Il modello startup probabilmente reggerà ancora un po': un circo colorato di promesse non mantenute e fondi sifonati per costruire giocattoli inutili quando va bene, mastodonti pericolosi per la collettività e per l'economia quando va male. Ho 32 anni e penso di voler combinare qualcosa di meglio col mio tempo e lasciare questi passatempi ad altri.
Per questo motivo sono dimissionario e ho in piano, da Gennaio, di fondare una cooperativa in Italia. O meglio, un acceleratore di cooperative. Perché il modello startup ha prodotto tante metodologie utili e ha esplorato un modo di costruire organizzazioni e reti di organizzazioni in maniera rapida e incisiva. Il suo problema è sempre stato il capitale alle spalle e i modelli di finanziamento che privilegiavano idee stupide, modelli di business malsani e mercati improbabili.
Da qui l'idea (non mia) di tradurre alcune di queste pratiche e metterle al servizio prima del settore cooperativo e poi della alt-economy emergente in questi anni.
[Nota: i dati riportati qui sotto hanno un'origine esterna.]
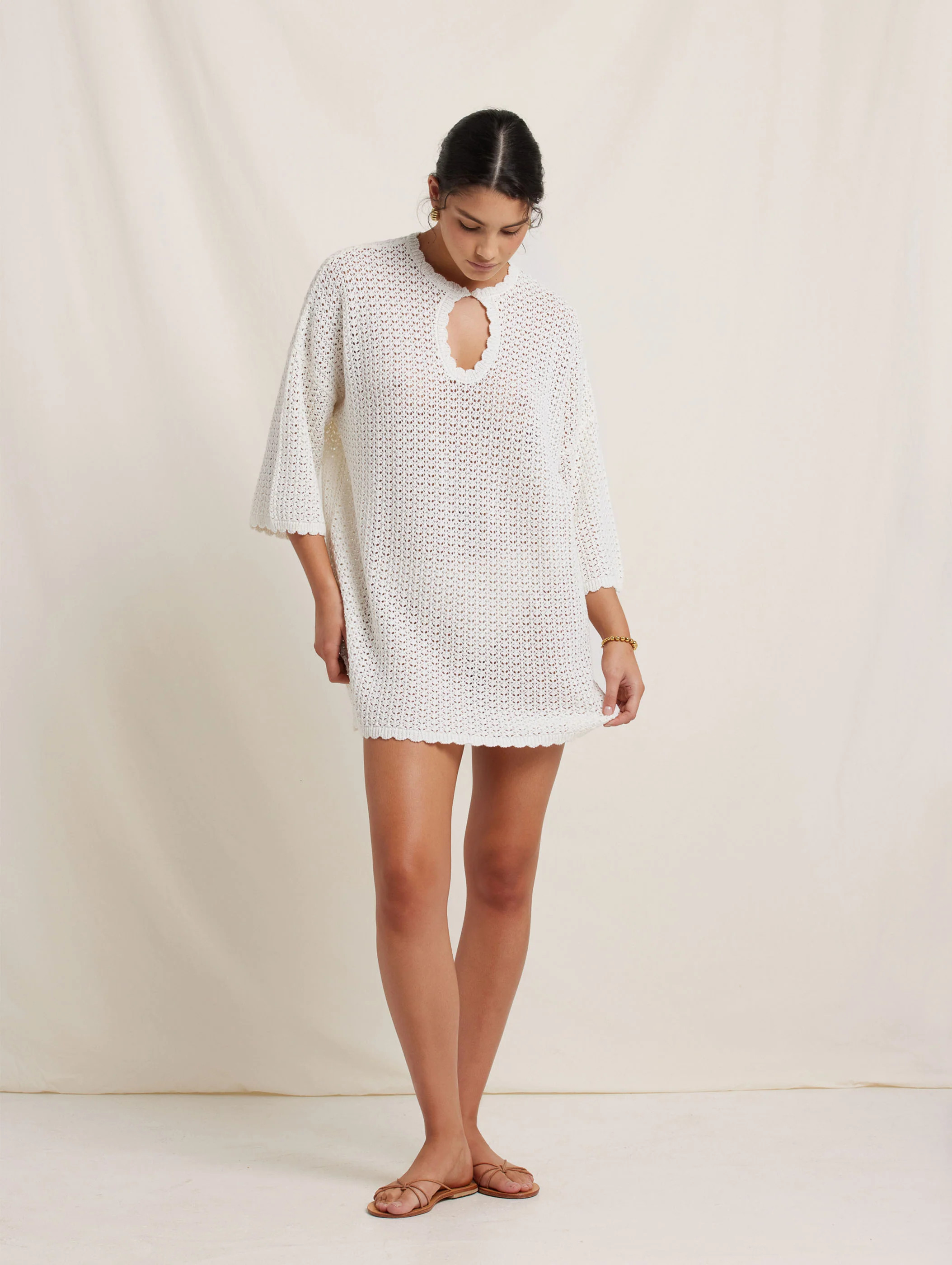 Pointelle Oversized Mini Dress | Peony Swimwear
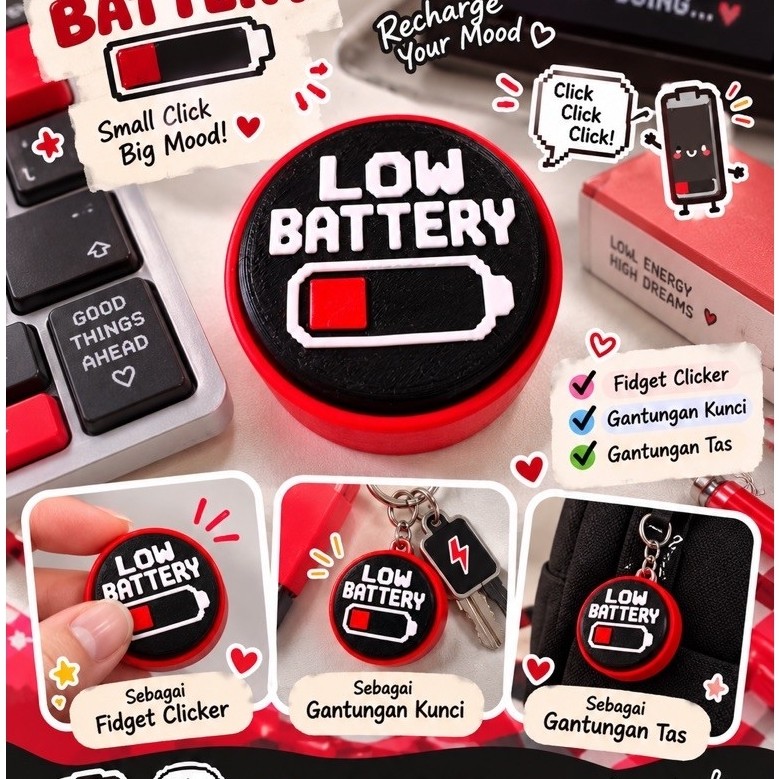 Low Batery fidget clicker | Gantungan kunci fidget clicker 3D | Fidget clicker murah | Keyboard clic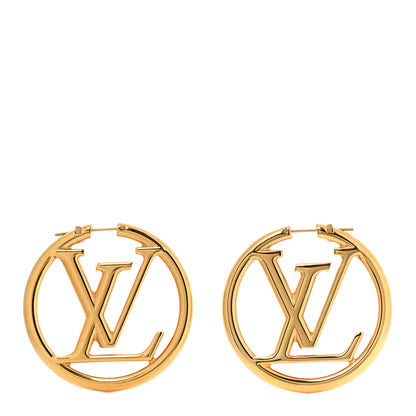 Louis Vuitton Metal Louise Hoop Earrings Gold 1 of 5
I modelli cooperativi si sono dimostrati più resistenti alle crisi economiche e con l'apocalisse in cui stiamo vivendo, la normalità non può più includere gli inefficienti e vetusti modelli competitivi. Out-cooperate the competition.
Il tempo di costruire organizzazioni solide per prepararci alle enormi sfide economiche e sociali davanti a noi era ieri, però io arrivo tardi e quindi lo posso fare solo oggi.
Ho deciso quindi di fare la scelta radicale di abbandonare la mia normalità ben pagata, il mio interesse personale ed economico e fondamentalmente la mia carriera da programmatore per iniziare a fare qualcosa per la collettività. Siccome ho il pancino troppo delicato per fare la lotta armata, l'opzione che mi è rimasta è andare a fare il CTO con Damiano Avellino e Micol Salomone e fondare una cooperativa che ancora non ha un nome.
300 anni di ideologia liberale ci hanno convinto che le persone siano guidate dall'interesse egoistico quando agiscono in società: questa scelta per me rappresenta il liberarmi, anche nel mondo del lavoro, da questo imperativo artificiale. Non è nel mio interesse farlo, non è la mia passione e sperabilmente contribuirà a costruire un mondo in cui io e quelli come me saranno meno privilegiati di quanto sono ora. Questa scelta deriva esclusivamente dal senso di responsabilità e dalla vergogna del giudizio di chi verrà dopo di me, che si guarderà indietro e si chiederà cosa faceva Simone mentre il mondo prendeva fuoco. La mia risposta sarà questa. Vi auguro di trovare la vostra al più presto.
Ringrazio i miei cattivi maestri: Alessandro Tartaglia, Rodrigo Nunes, Andrea Dotta, Yonatan Miller, David Graeber, Walter Vannini, Polly Yim, Giulio Quarta.